Протокольный ответ звучит так: корни нашего нездорового (а здоровым его
никак не назовешь) отношения к сексу уходят в мысль, что секс — это какая-то
отдельная территория — особая, запретная, полуподпольная — так что о ней надо
помалкивать. И этот обет молчания, который мы все взяли (наши родители по
крайней мере точно), привел к тому, что информированность людей о том, как
устроены их собственные тела, насколько вариативен секс у других людей, и что в
целом сексуальность — это нечто гибкое и флюидное, была минимальной.
Что получалось в сухом остатке: ты вступал в свою сексуальную жизнь, черпал
информацию из кино и глянцевых журналов, и там тебе рисовали очень однозначную
картину и транслировали достаточно жесткий набор того, что должно происходить в
сексе: сколько раз, как и от чего ты должна испытывать оргазм, что должен уметь
твой партнер, что должна уметь ты. Было ощущение, что ты сдаешь ГОСы какие-то
или нормативы спортивные.
Это была единственная глубоко вырытая колея: что пенетративный секс — венец всех сексов, что вагинальный оргазм — то, к чему должна стремиться каждая девушка, что мужчинам нужен секс, а женщинам подавай любовь. И вот в такой парадигме воспитывалась я: где было сплошное «надо», «должно», «как положено», «как нормально», а все остальное казалось чем-то либо несуществующим, либо не очень нормальным. И ты, пытаясь катиться по этой узенькой колее, перманентно чувствовал себя каким-то либо поломанным, либо фриком, либо с изъяном в своей собственной сексуальности.
Многоголосие экспертов, пишущих о сексе с разных точек зрения, как мне кажется, должно формировать у людей более широкое представление о том, как по-разному бывает и как по-разному устроена сексуальность разных людей. Делает людей более свободными от условностей и вот этих «сексуальных ГОСТов». Сейчас, даже если у тебя еще не было секса, ты уже читаешь 5 секс-блогеров, каждый со своим опытом и своими взглядами. И ты уже понимаешь: даже у этих 5 женщин разбежка того, как может быть, очень большая. Соответственно, ты это перекладываешь на себя и думаешь: «так, я могу пойти по какому-то из этих сценариев, а, может, у меня есть свой какой-то, шестой». Не говоря уже о том, что вопросы физической и эмоциональной безопасности в сексе — это информация, вопросы принятия чужих особенностей сексуальности, кинков, фантазий — это тоже информация.
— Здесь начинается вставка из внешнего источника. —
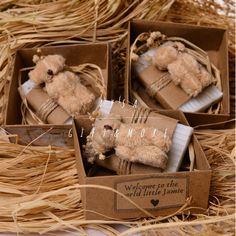 three small teddy bears are sitting in some brown boxes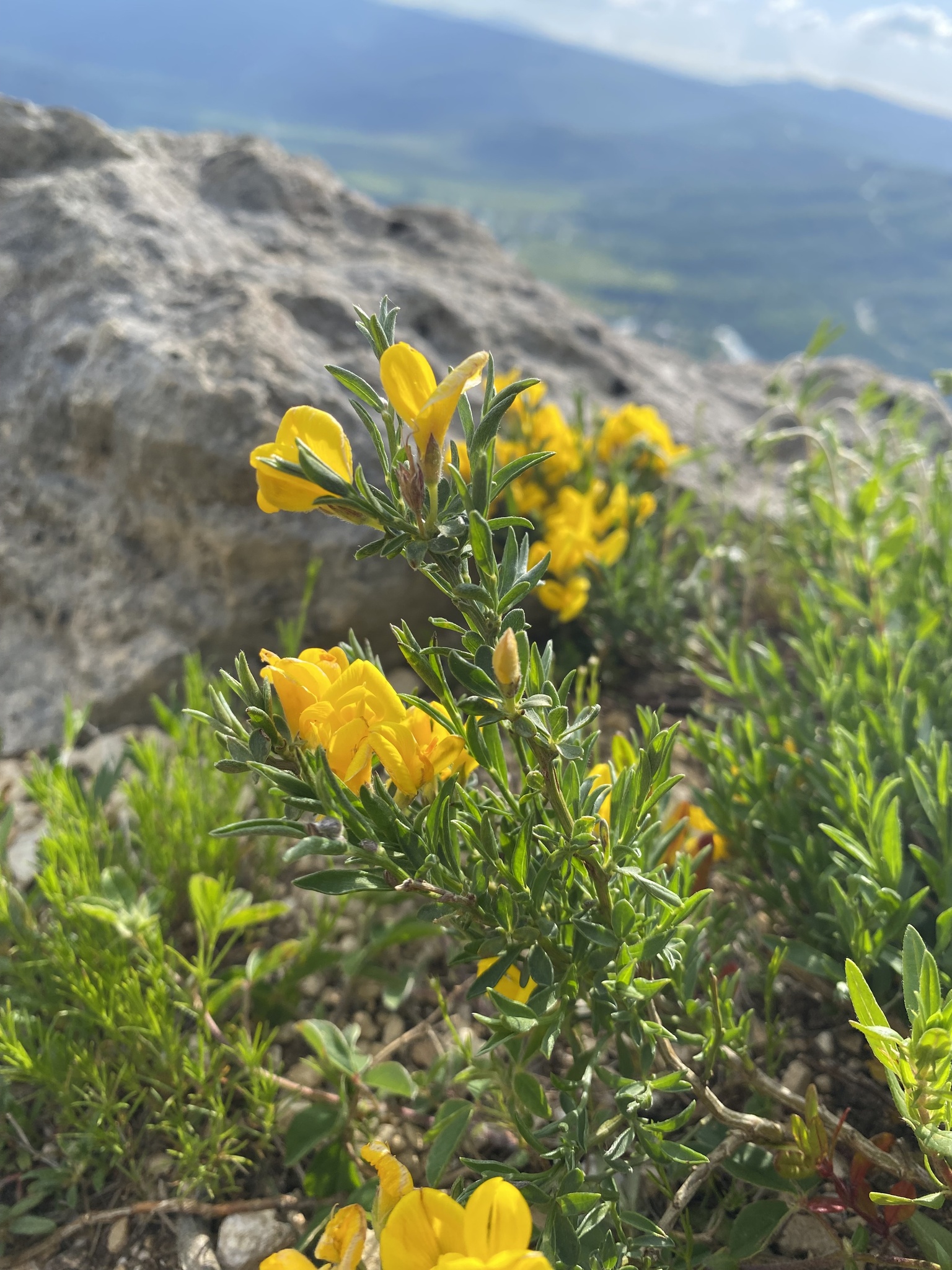 Hairy Greenweed (Genista albida)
Фактически, говоря о сексе, мы делаем секс для людей более безопасным, более освобожденным от предрассудков и, как следствие, приносящим им и их партнерам больше удовольствия.
Как ты считаешь, каждый должен открыто говорить о сексе? Слышали мнение, что возникает «все вокруг говорят, и я тоже должна» — как ты к этому относишься?
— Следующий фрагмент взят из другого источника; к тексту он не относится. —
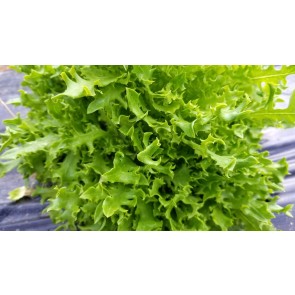 Lettuce 'Mazur' Seeds (Certified Organic)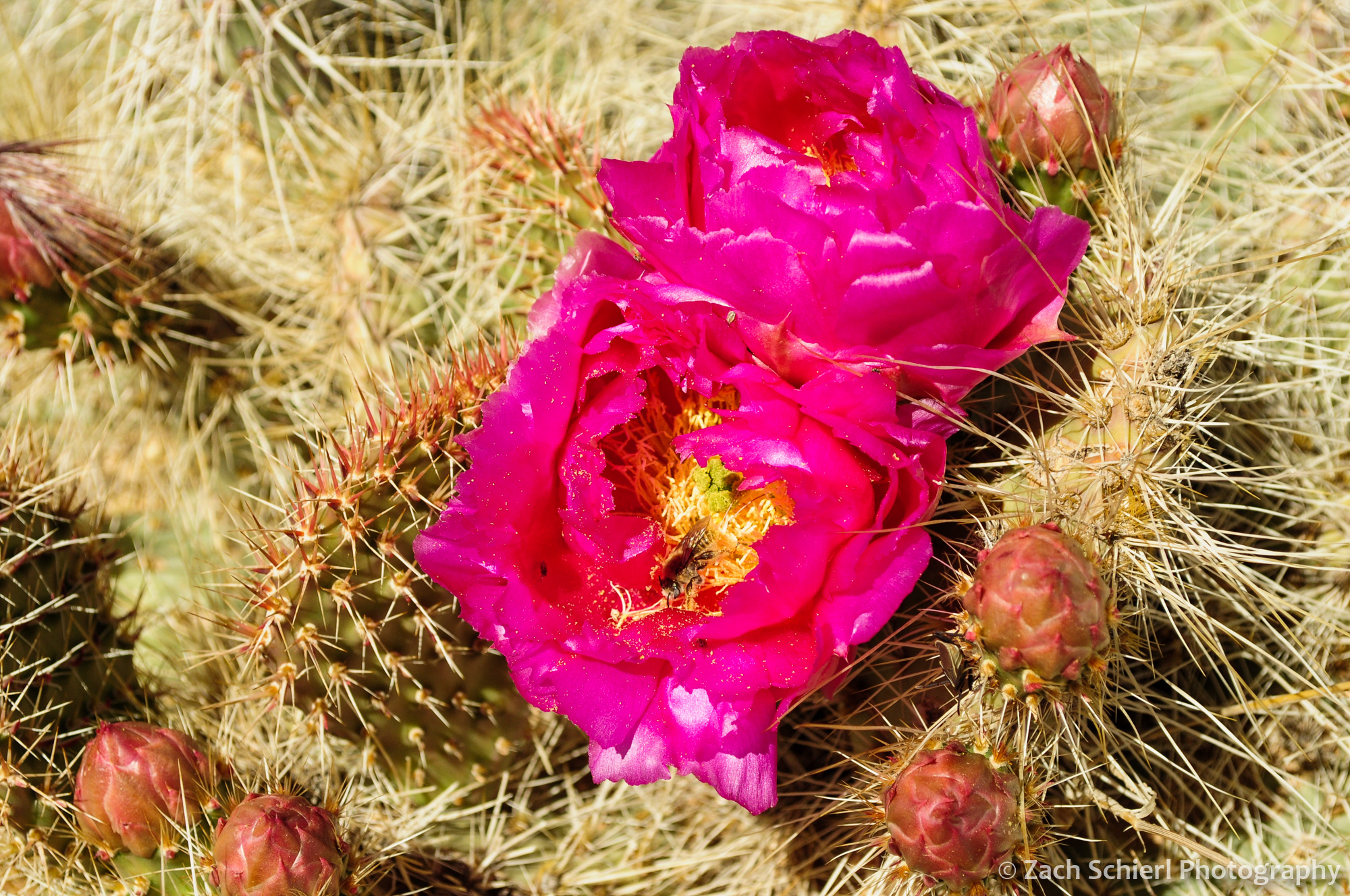 Pink prickly pear flowers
Возможно, сейчас социум давит немного с другой стороны — раньше давил «молчи, тихо», а теперь, действительно, обратная ситуация. Мол, если ты не пишешь и не говоришь о сексе, ты какой-то недостаточно раскрепощенный. И многие встают на эти рельсы, чтобы доказать себе и окружающим, что они тоже могут. Что ж, это их выбор. Но я стою на той позиции, что делиться чем-то важно только тогда, когда ты сам можешь себе честно ответить на вопрос: зачем, с какой целью ты это делаешь, какая от этого будет польза себе самому и миру?
Но больше меня расстраивает другое — когда социальное положение человека накладывает на него какие-то ограничения, касающиеся того, как он может выражать свою сексуальность. Например, человек, который работает в гос структурах или преподавателем, не может без последствий для своей «профессиональной репутации» постить у себя же в личном блоге свои фотографии в купальнике, или приезжать на работу с книжкой «viva la vagina», или рассказывать, какими секс-игрушками он пользуется.
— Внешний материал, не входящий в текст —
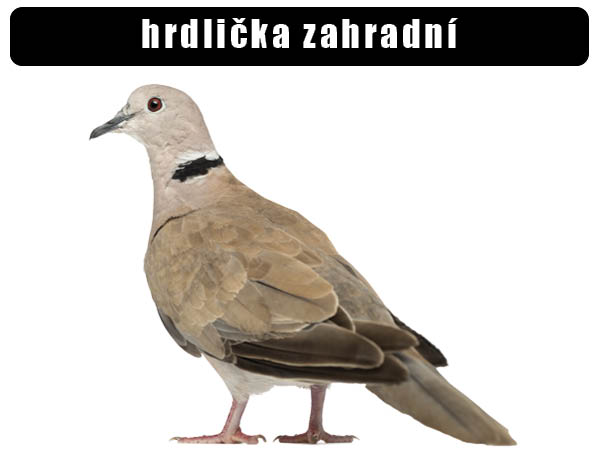 Hrdlička zahradní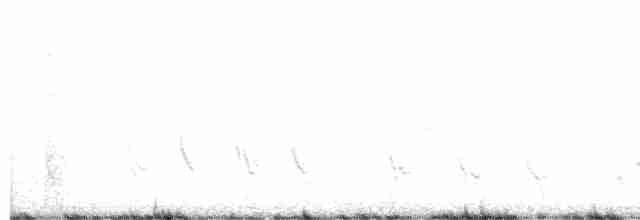 ムラサキツバメ - ML615475513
Я не думаю, что всем комфортно и интересно писать и говорить о своей личной
жизни. Но было бы здорово, чтобы мы сами решали за себя, чем делиться, а не за
нас это решали.
Как ты видишь свою миссию в секс-позитивном контексте?
Пожалуй, самое важное мое дело — это формирование такого варианта разговора о сексе, который уравнивал бы эту сферу в правах со всеми остальными. Я работаю с темой секса давно и четко вижу: важно не только, ЧТО ты пишешь и говоришь, но и КАК. Мне хочется делать это делать так, чтобы люди читали и постепенно расслабляли все свои сфинктеры на тему того, что секс — это всегда пошло. Один из самых приятных комментариев для меня — «ничего себе, вы о таких личных штуках рассказываете, а меня не воротит от того, что вы делаете».
Для того, чтобы эту стигму соскоблить, показать людям, что секс — это не стыдно, не пошло, не грязно, в этом нет никакого мрачняка маргинального — это нужно делать определенным образом, и в этом моя социальная миссия. Говорить и писать деликатно. Спокойно. Уверенно. Без ужимок и паясничества. С чувством и понимаем. Нежно-нежно выманивать людей из их коробочек туда, где жизнь разнообразней и дышится легче. Этим я и занимаюсь.
Про границы
Как ты фильтруешь, что выкладывать, а что — нет?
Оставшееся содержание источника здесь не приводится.